With every picture left out, restate the listing below exactly as written.

++++ MATERIAL PROVIDED ++++

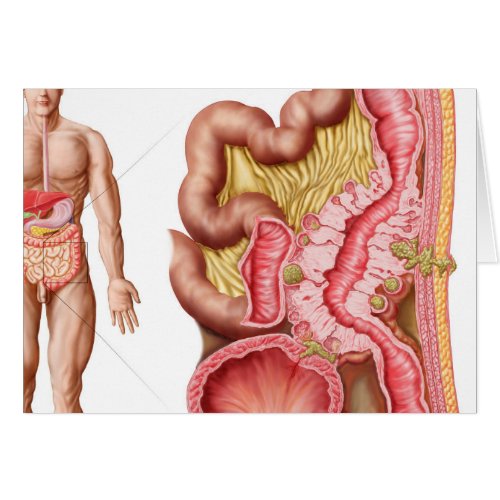 Illustration Of Diverticulosis In The Colon
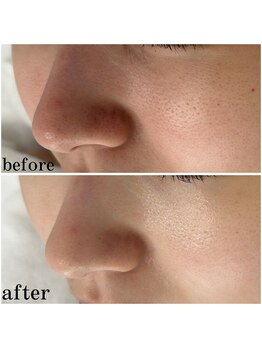 プラセル(Placer)/赤み・黒ずみもお任せください☆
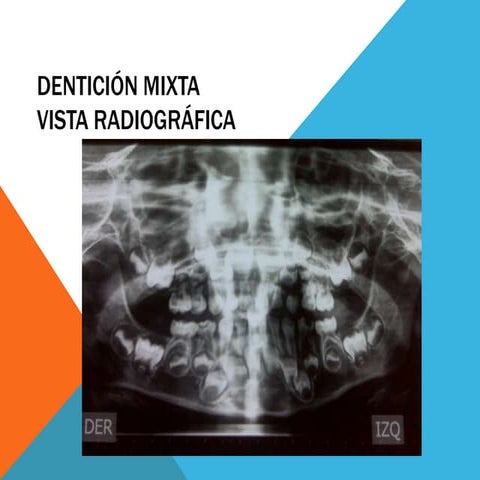 Dentición mixta | PPTX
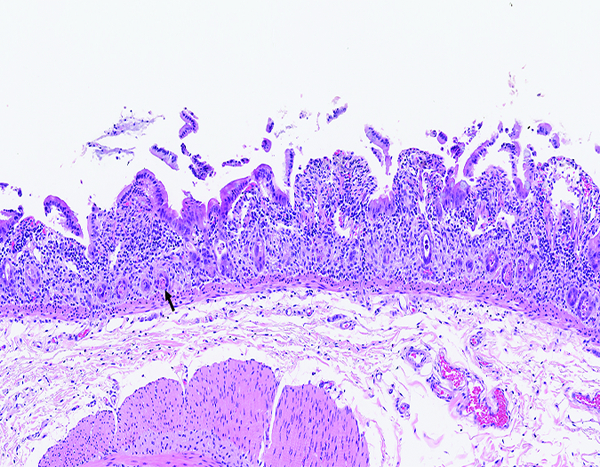 Figure 1c.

++++

* **TASK OUTPUT**
 Illustration Of Diverticulosis In The Colon
 プラセル(Placer)/赤み・黒ずみもお任せください☆
 Dentición mixta | PPTX
 Figure 1c.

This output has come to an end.